Jakarta, CNN Indonesia —
Wilayah selatan khatulistiwa Indonesia mengalami kekeringan panjang tahun ini akibat fenomena iklim pengering hujan, El Nino. Kapan anomali iklim ini rampung?
Berdasarkan pengamatan Badan Meteorologi, Klimatologi, dan Geofisika (BMKG) melalui data satelit terkait suhu muka air laut, El Nino yang dimulai sejak bulan Juli tahun ini diprediksi akan berakhir pada Februari-Maret tahun depan.
Model Prediksi ENSO BMKG mengungkap El Nino mencapai level tertingginya pada September 2023. Grafik cenderung stagnan dengan angka di atas +1,5 hingga Oktober.
Pada November, El Nino mulai menurun ke +1,5, sebulan kemudian sekitar +1,25.
Kepala BMKG Dwikorita Karnawati pun memprediksi El Nino, berdasarkan data satelit terkait suhu muka air laut, rampung tahun depan.
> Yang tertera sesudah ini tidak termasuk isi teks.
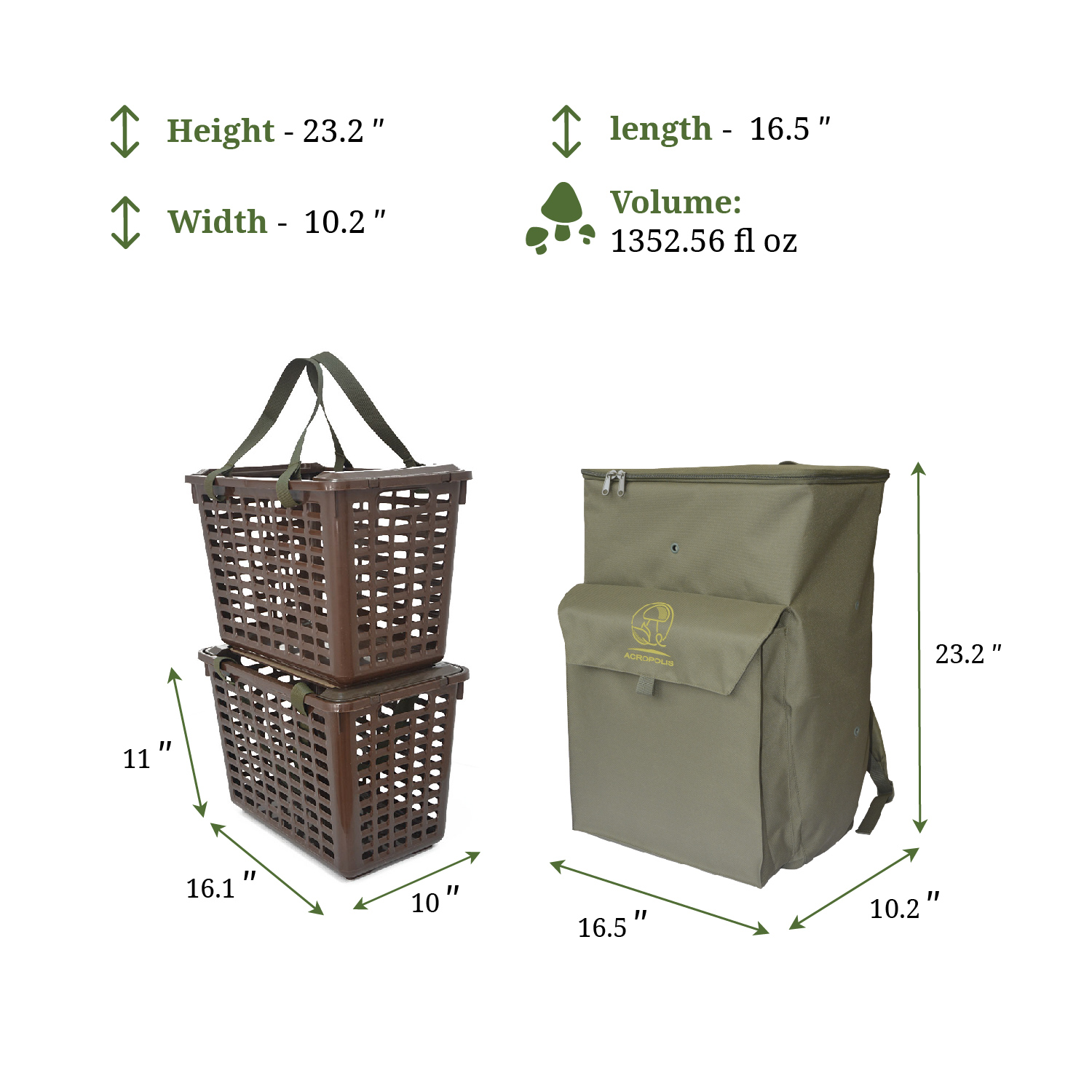 RNG-3 Mushroom Picker Backpack with Two Baskets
“Kami prediksi itu akan dimulai sejak bulan Juli tahun ini dan berakhir tahun depan, yaitu di bulan sekitar Februari-Maret,” ucapnya dalam konferensi pers beberapa waktu lalu.
Aaron Levine, ilmuwan atmosfer di University of Washington, AS, yang penelitiannya berfokus pada El Nino, mengatakan bahwa berdasarkan rekam jejaknya, fenomena ini akan menurun dengan sangat cepat selama musim semi di belahan Bumi utara.
“Hampir semuanya berakhir pada bulan April atau Mei,” ungkap dia.
“Salah satu alasannya adalah El Nino menabur benih kehancurannya sendiri. Ketika El Nino terjadi, air hangat tersebut habis dan volume air hangat menyusut. Akhirnya, bahan bakarnya terkikis,” jelas dia.
Permukaan bumi mungkin tetap hangat untuk sementara waktu. Namun, kata dia, setelah panas dari bawah permukaan hilang dan angin pasat kembali muncul, peristiwa El Nino akan terhenti.
Pada akhir peristiwa El Nino yang lalu, anomali permukaan laut turun dengan sangat cepat dan kita melihat kondisi biasanya beralih ke La Nina – kebalikan dari El Niño yang lebih dingin.
“Kita akan melihat apakah atmosfer akan kembali normal pada musim dingin (Winter di AS Desember 2023-Maret 2024), ketika El Nino mencapai puncaknya.”
Kemungkinan El Nino menguat
Aaron juga bicara soal kemungkinan fenomena ini berkembang menjadi level kuat. Menurutnya, El Nino kuat, dalam definisi paling dasar terjadi ketika suhu rata-rata permukaan laut di Pasifik khatulistiwa setidaknya 1,5 derajat Celsius lebih hangat dari biasanya.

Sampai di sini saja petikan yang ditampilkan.